What's our plan?

I'll briefly list what we need to do to get this working here:

We need two event queues:

  1. We need a thread pool to execute our CPU intensive tasks or tasks that we want to run asynchronously but not in our OS backed event queue
  2. We need to make a simple cross platform epoll/kqueue/IOCP event loop. Now this turns out to be extremely interesting, but it's also a lot of code, so I split this section off into a separate "companion book" for those that want to explore this further.

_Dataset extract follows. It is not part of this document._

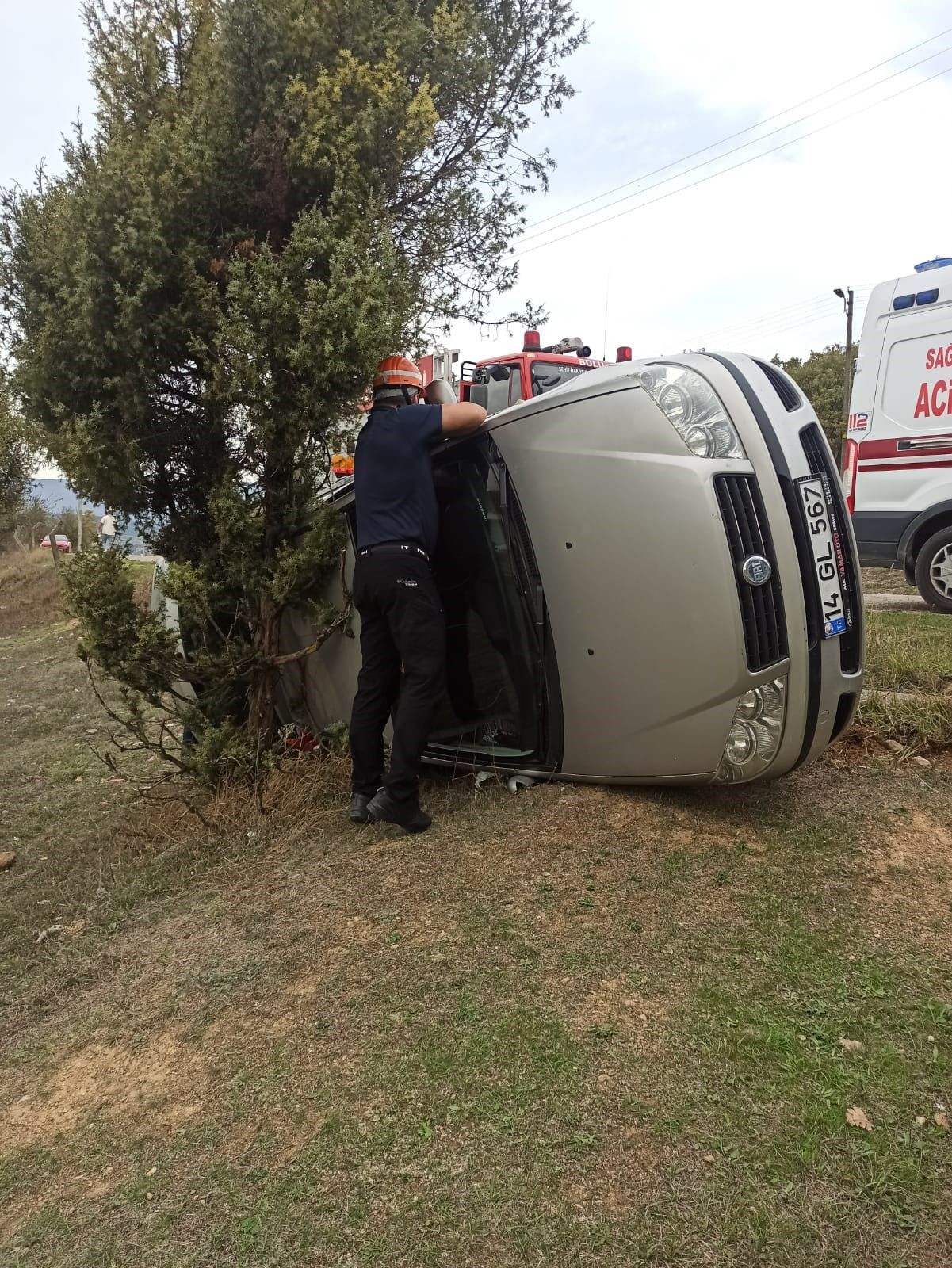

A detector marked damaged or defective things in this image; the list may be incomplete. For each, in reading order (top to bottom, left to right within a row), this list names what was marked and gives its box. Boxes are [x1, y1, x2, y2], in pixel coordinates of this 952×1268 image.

overturned silver van [266, 347, 862, 783]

We use this library here called minimio.

Granted, we're breaking our rule that we don't use any dependencies, but it's our own dependency which we'll explain fully in due time.

We need a runtime

Our runtime will:

  1. Store our callbacks to be run at a later point
  2. Send tasks to be executed on the thread pool
  3. Register interests with the OS (through minimio)
  4. Poll our two event sources for new events
  5. Handle timers
  6. Provide a way for "modules" like Fs and Crypto to register tasks
  7. Progress all our tasks until we're finished

We need a few modules

  1. For handling file system tasks Fs
  2. For handling http calls Http
  3. For handling cryptological tasks Crypto

We need to make some helpers

We need some helpers to make our code readable and to provide the output we want to see. In contrast to any real runtime, we're interested in knowing what happens and when. To help with that we define three extra methods:

print which prints out a message that first tells us what thread the message is being outputted from and then a message we provide.

print_content does the same as print but is a way for us to print out more than a message in a nice way.

current is just a shortcut for us to get the name of the current thread. Since we want to track what's happening, we're going to need to print out which thread is issuing what output, so this will avoid cluttering up our code too much along the way.


Minimio is a cross platform epoll/kqueue/IOCP based event loop that we will cover in the next book. I originally included it here, but implementing that for three architectures turned out to be a bit more involved than I first thought and needed more space than would fit in this book.

It's also easier to just read up on epoll/kqueue/IOCP when it's concentrated in a separate book.